Exercise instructions:
Your answer must be an exact copy of the lines from the one containing "Vintage Set of 3 Christmas Angels Frosted" through the last line of the records below, with no pictures; please include nothing else.

Dataset:
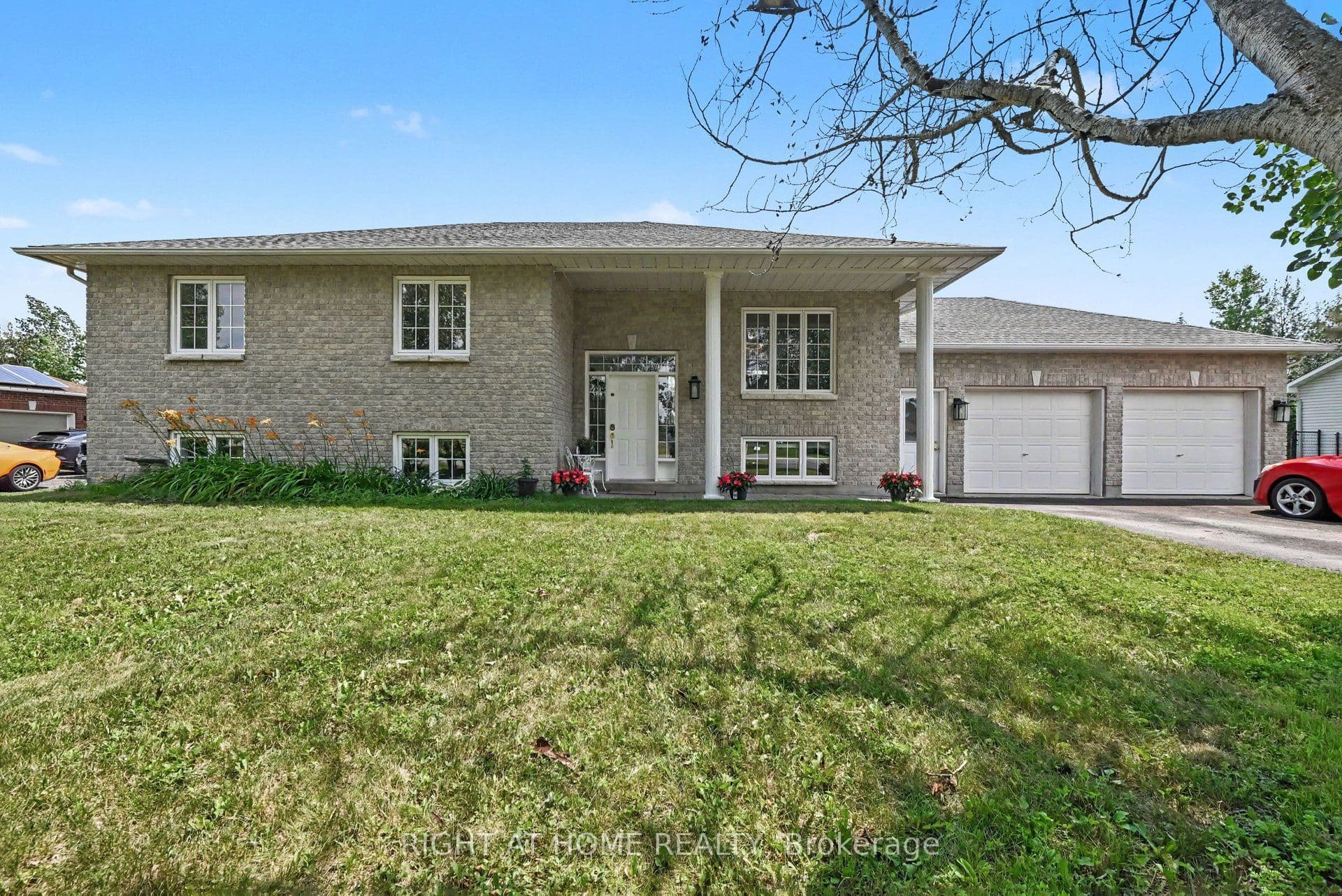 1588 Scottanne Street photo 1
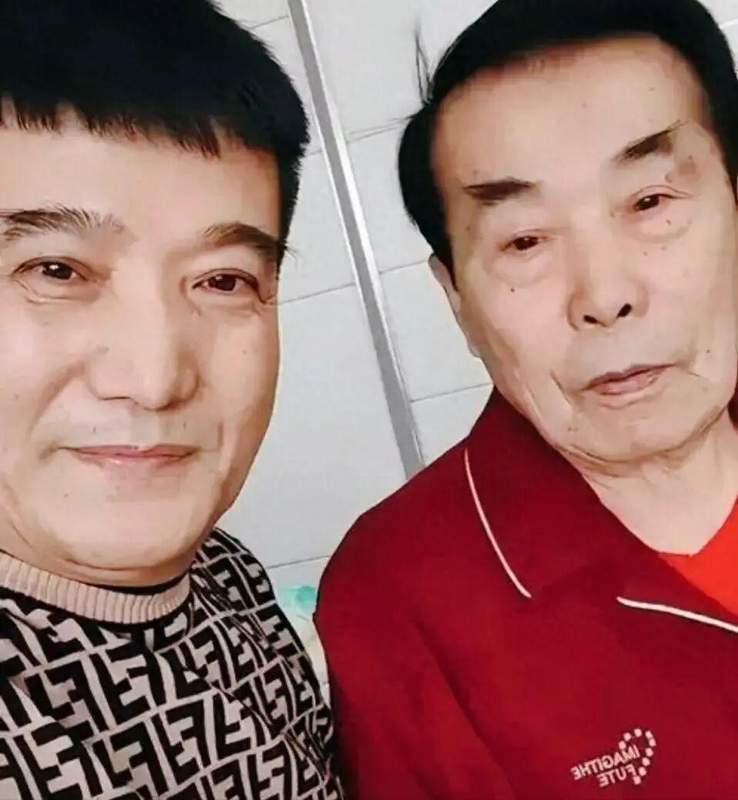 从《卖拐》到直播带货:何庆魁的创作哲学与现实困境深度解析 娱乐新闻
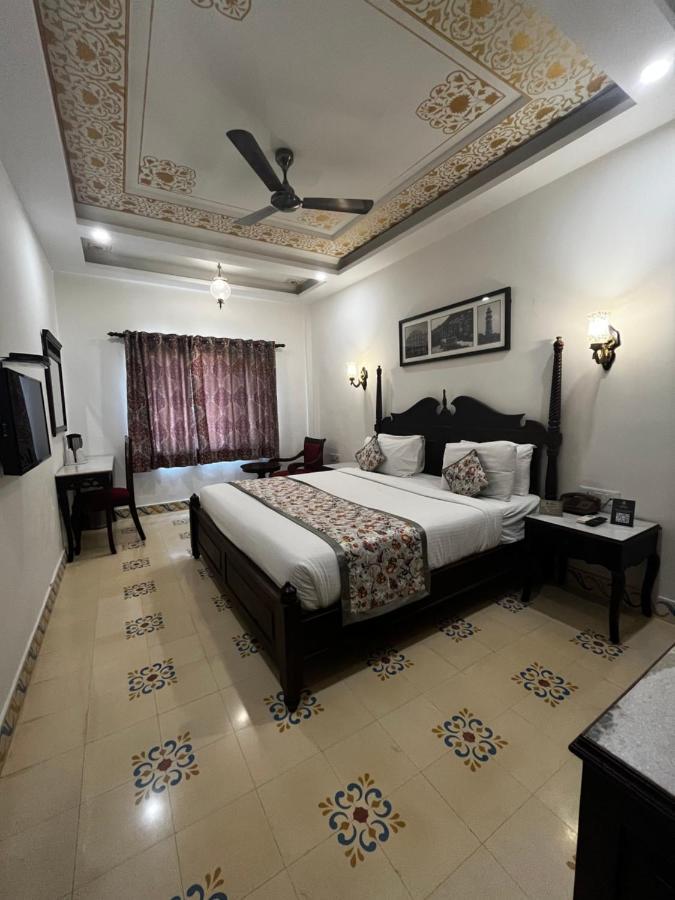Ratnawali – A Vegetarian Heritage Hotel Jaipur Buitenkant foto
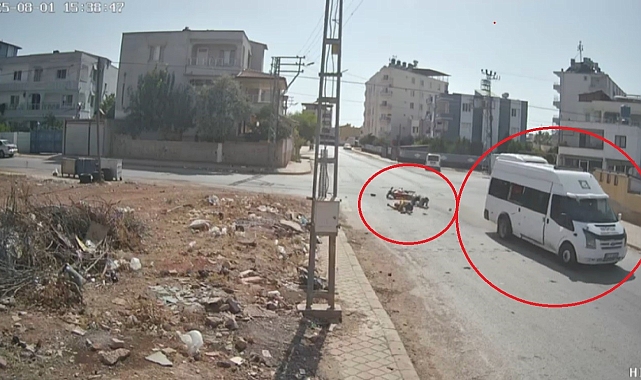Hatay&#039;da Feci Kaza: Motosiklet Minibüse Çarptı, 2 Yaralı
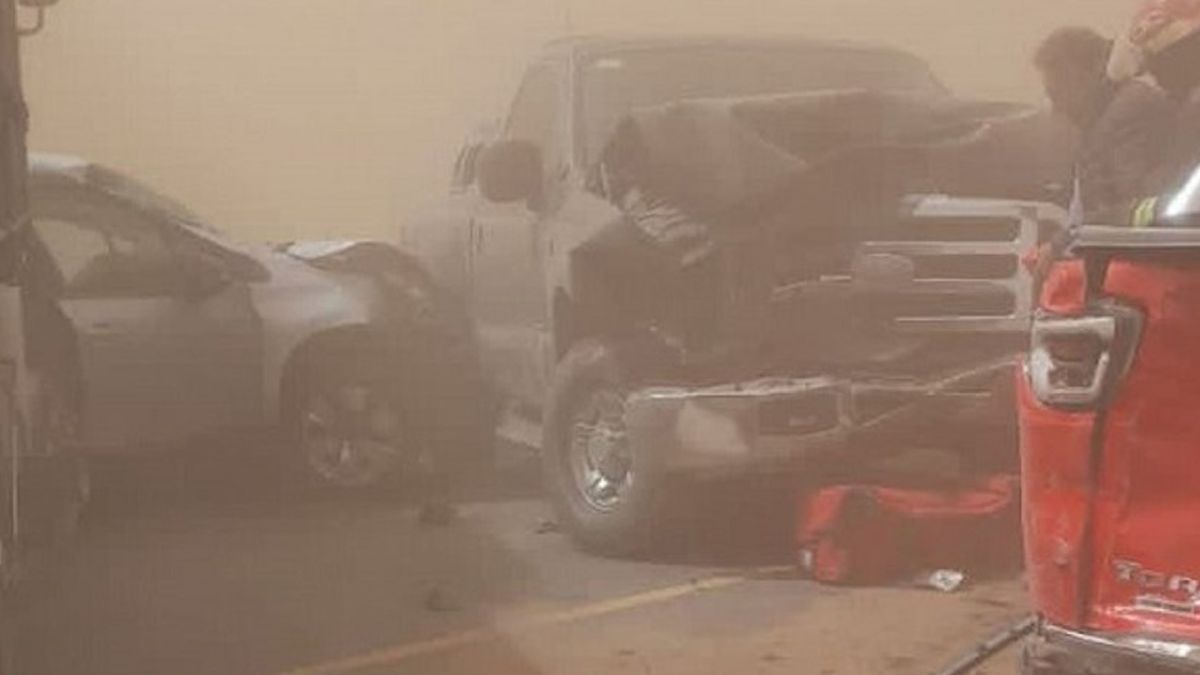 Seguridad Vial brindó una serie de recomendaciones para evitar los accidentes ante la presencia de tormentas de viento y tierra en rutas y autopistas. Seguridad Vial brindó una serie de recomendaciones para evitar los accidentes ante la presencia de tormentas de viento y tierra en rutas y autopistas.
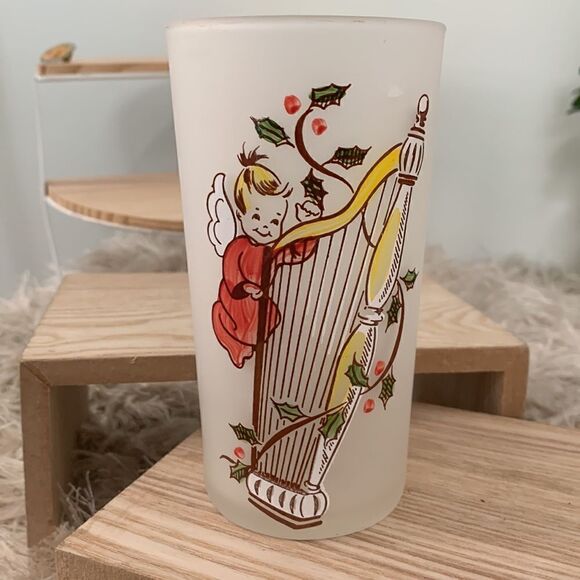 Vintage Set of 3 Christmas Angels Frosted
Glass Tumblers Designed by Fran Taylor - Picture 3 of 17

Result of the exercise:
 Vintage Set of 3 Christmas Angels Frosted
Glass Tumblers Designed by Fran Taylor - Picture 3 of 17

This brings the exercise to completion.